The Stress Test Theater
The government ran stress tests on nineteen major banks. HFM is not impressed.
He calls it “Kabuki theater.” The market basically told the regulators what results would be acceptable. If every bank failed, that would destroy confidence. If every bank passed, nobody would believe it. So the ideal outcome was about half failing, but not by too much, except for the obviously sick ones.
And that’s exactly what happened. Nine needed capital, ten passed. Bank of America had the biggest hole at $34 billion. Citibank needed some too.
The real question was never “are these banks healthy?” Everyone knew the answer was complicated. The question was “is the government going to change its story soon?” And the stress test said no. So investors felt safe enough to buy bank stock, knowing the regulators wouldn’t suddenly demand more capital next month.
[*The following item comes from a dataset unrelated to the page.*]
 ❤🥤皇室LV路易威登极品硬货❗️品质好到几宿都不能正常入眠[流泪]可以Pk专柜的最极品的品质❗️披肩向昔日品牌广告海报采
HFM has mixed feelings about the banks surviving. Keeping sick banks alive prevents panic. But it also means badly managed institutions keep running. And Bank of America’s problems were largely self-inflicted. They bought Countrywide, the poster child for subprime. Then they bought Merrill Lynch at the worst possible time, for a lot of money. “Sometimes you ask for what’s behind door number three,” HFM says, “and sometimes it’s a goat.”
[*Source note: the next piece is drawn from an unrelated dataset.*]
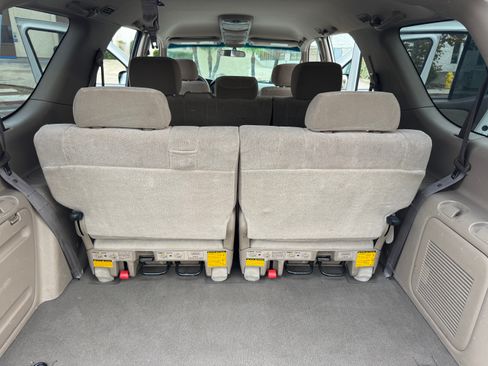 Used 2004 Toyota Sequoia SR5 image 26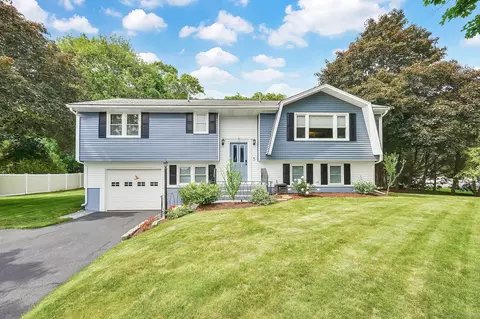 15 S Farms Dr, Manchester, CT 06040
Obama and the Green Shoots
HFM was initially optimistic about Obama. Now he’s more cautious.
The fiscal stimulus was necessary, sure. But HFM worries that many of the new programs aren’t temporary. They’re permanent new entitlements dressed up as crisis response. And some tax policy changes could make it less attractive for companies to stay headquartered in the U.S.
As for the broader recovery talk, HFM isn’t buying the “green shoots” narrative. The financial heart attack may be over, but the real economy problems are massive. Mortgages still underwater. Consumer spending shifting. Americans starting to save again instead of spending more than they earn. That’s healthy long-term but painful in the transition.
And he sees a tough choice ahead: either deflation drags the economy down, or the government overdoes the money printing and causes inflation later. Threading the needle between those two seems unlikely.
The Regrets
This is the most human part of the chapter. HFM talks about looking back at his career during his days off. He fantasizes about a time machine. Going back and undoing bad trades. Making the good ones bigger.
His team spent six months doing what he calls “crash reports” on every bad investment. Like the NTSB investigating a plane crash. They looked at every step. Where did they deviate from their process? Where was the process itself wrong? Where were they in businesses they weren’t staffed for?
They found a lot. Some businesses they should never have been in. Some due diligence steps they skipped. Some jurisdictions where they needed a much higher bar to get involved.
But beyond the systematic review, there’s the personal stuff. The dwelling. His first boss told him you can’t dwell on bad decisions. You learn and move on. But that boss was always dwelling himself. “He knew it was an unhealthy thing.”
HFM ends the chapter wondering if he should quit entirely. Maybe zero days a week is better than three. But he also knows that mastery in a discipline is emotionally rewarding. And he’s not sure there’s anything else he can master at this point.
“There definitely have been more days in the office lately when I’m dealing with some dirt-bag foreigner who borrowed money from me, pissed it away, and doesn’t want to pay me anything, and I say to myself: I have enough money, I don’t need this headache anymore, I’m going to work on fixing the toilets in my house.”
That might be the most honest thing any hedge fund manager has ever said.